Kont Ailesinin Çöpü – Ch 331 – SEN KİMSİN? (1)

Beyaz Kemik Ejderha gece gökyüzünde yavaş yavaş kendini gösteriyordu.

“…E, Ejderha-”

Kedi Şövalye Sör Rex şaşkınlıkla Cale’e baktı.

‘Gerçekten bir Ejderhanın kemikleri mi?
Ejderha kemiklerini nereden buldun?’

Bunu daha önce duymamıştı.
Tabii ki Henituse bölgesindeki savaş sırasında o da Kemik Ejderhanın görüntülerini görmüştü, ancak o bir Kara Kemik Ejderhasıydı.

Ayrıca, o Ejderha yok edilmişti.

‘Başka bir takım daha Ejderha kemiği mi vardı?’

Cale, arkasını dönmeden önce bir an için Rex’in şaşkın bakışlarıyla karşılaştı. İmparatorluğun endişeli ve şaşkın vatandaşlarını da görebiliyordu.

O anda Raon’un sesini duydu.

– Bu sahte!

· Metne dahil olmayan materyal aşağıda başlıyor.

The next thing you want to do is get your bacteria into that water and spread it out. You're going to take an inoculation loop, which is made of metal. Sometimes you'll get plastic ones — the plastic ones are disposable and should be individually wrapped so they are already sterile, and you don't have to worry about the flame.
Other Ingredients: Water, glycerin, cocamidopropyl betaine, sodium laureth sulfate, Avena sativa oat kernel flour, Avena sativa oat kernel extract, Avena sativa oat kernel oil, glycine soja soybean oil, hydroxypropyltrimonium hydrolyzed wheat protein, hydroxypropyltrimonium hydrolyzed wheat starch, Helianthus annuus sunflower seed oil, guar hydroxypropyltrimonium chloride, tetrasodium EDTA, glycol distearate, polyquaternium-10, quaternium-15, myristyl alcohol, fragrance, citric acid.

Herkes bu sahtekârlığa karşı şaşkına dönüyor!

‘Aynen öyle, değil mi?’

Cale’in dudaklarının kenarları başlığının altında yukarı kalktı.

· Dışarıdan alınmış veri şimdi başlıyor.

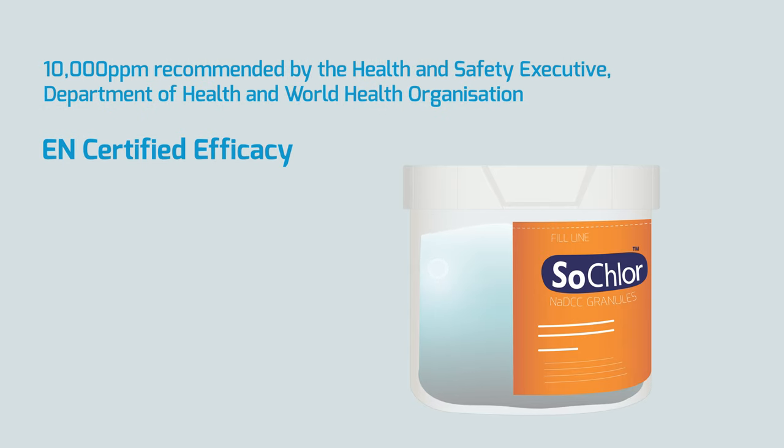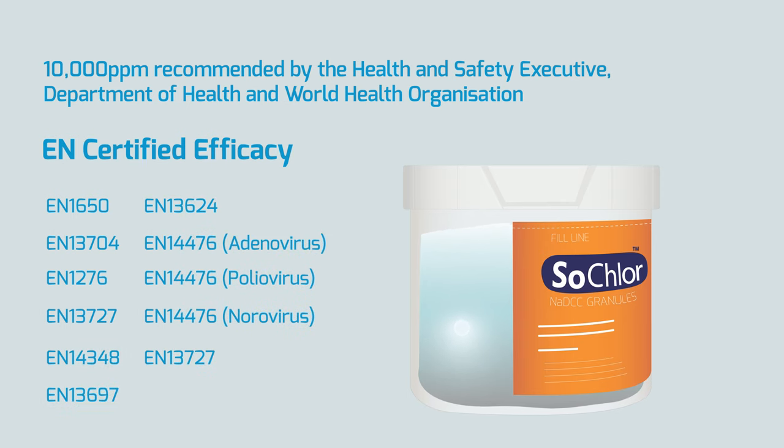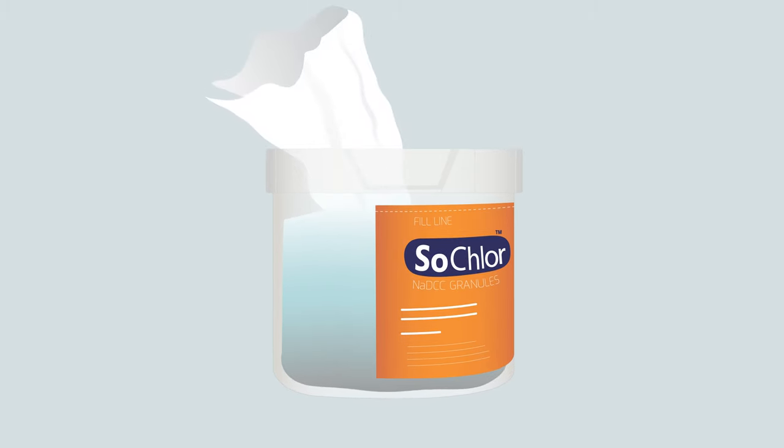The tablets should now have dissolved in the water. This has created a 10,000 parts per million solution, as recommended by the Health and Safety Executive, Department of Health and World Health Organization. Fully effective against bacteria, spores, mycobacteria, fungi and viruses. Wet the paper towels provided in the SoClor 10,000 ppm solution.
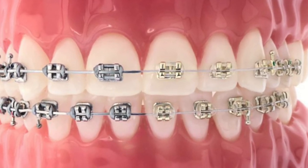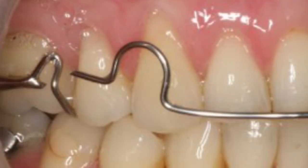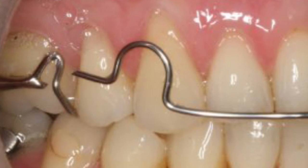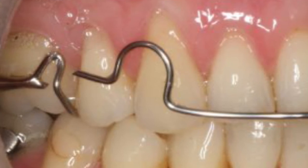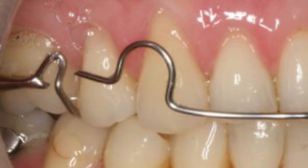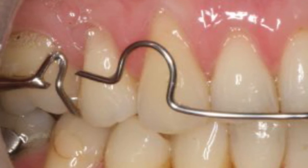One last thing worth mentioning is that some patients get tempted to flick the brace in and out with their tongue. Definitely try and avoid doing this, because the clasps or clips that hold it in place tend to weaken and eventually snap if this is done repeatedly.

Bunların hepsi Wyvern kemikleriydi.

Ancak, kemikler ve bedenler hakkında dünyadaki en fazla bilgiye sahip olan ve geçmişte bir dizi gerçek Ejderha kemiğini kontrol eden Mary tarafından bir Ejderha gibi bir araya getirilmiştiler.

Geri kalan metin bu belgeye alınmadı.